Duke Energy’s acquisition of Piedmont to create a natural gas giant

DUKE ENERGY

Duke Energy and Piedmont Natural Gas have entered into a definitive agreement for Duke Energy to acquire Piedmont for approximately $4.9 billion in cash.

The acquisition will strengthen Duke Energy’s position in natural gas industry in the U.S.

The strategic combination will also help them expand the platform for future growth. Being one of the largest energy companies in the U.S., the combined entity will provide better opportunities to their customers and employees.

Following the acquisition, Piedmont’s employees and one million customers in the Carolinas and Tennessee will join Duke Energy.

However, Piedmont Natural Gas will retain its name, operate as a business unit of Duke Energy and maintain its significant presence and its headquarters in Southeast Charlotte.

Piedmont Natural Gas began operations in 1951 in Charlotte and Duke Energy was founded in the city in 1904.

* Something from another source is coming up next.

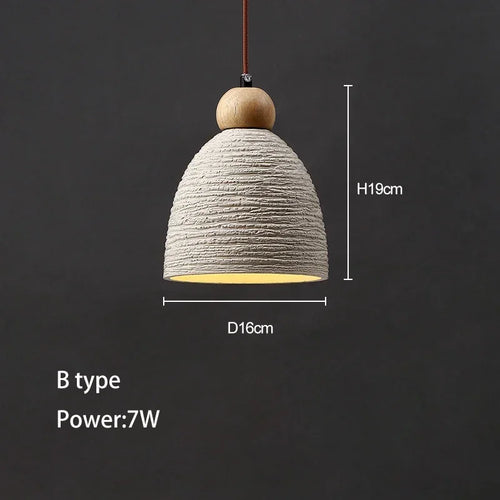 Wabi-sabi cement and travertine pendant light for interior decoration - vue 8 sur 14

Duke Energy and Piedmont also are key partners in the $5 billion Atlantic Coast Pipeline that will be the first major natural gas pipeline to serve Eastern North Carolina.

Upon transaction closing, Piedmont shareholders will receive $60 in cash for each share of Piedmont Natural Gas common stock. This represents an approximate 40 percent premium to Piedmont’s Oct. 23, 2015, closing stock price.

Duke Energy will also assume approximately $1.8 billion in Piedmont Natural Gas existing net debt, representing a total enterprise value of approximately $6.7 billion.

A fully underwritten bridge facility is in place with Barclays to complete the transaction. Duke Energy will finance the transaction with a combination of debt, between $500 million and $750 million of newly issued equity and other cash sources.

Duke Energy will add one member of Piedmont’s board of directors to its board after the transaction is closed.

An existing member of Piedmont’s management team will lead Duke Energy’s natural gas operations in the Carolinas, Tennessee, Ohio and Kentucky, and report to Good.

Completion of the transaction is conditioned upon approval by the North Carolina Utilities Commission, expiration or termination of any applicable waiting period under the federal Hart-Scott-Rodino Antitrust Improvements Act of 1976, and Piedmont shareholder approval.

The companies also will provide information regarding the acquisition to the Public Service Commission of South Carolina and the Tennessee Regulatory Authority.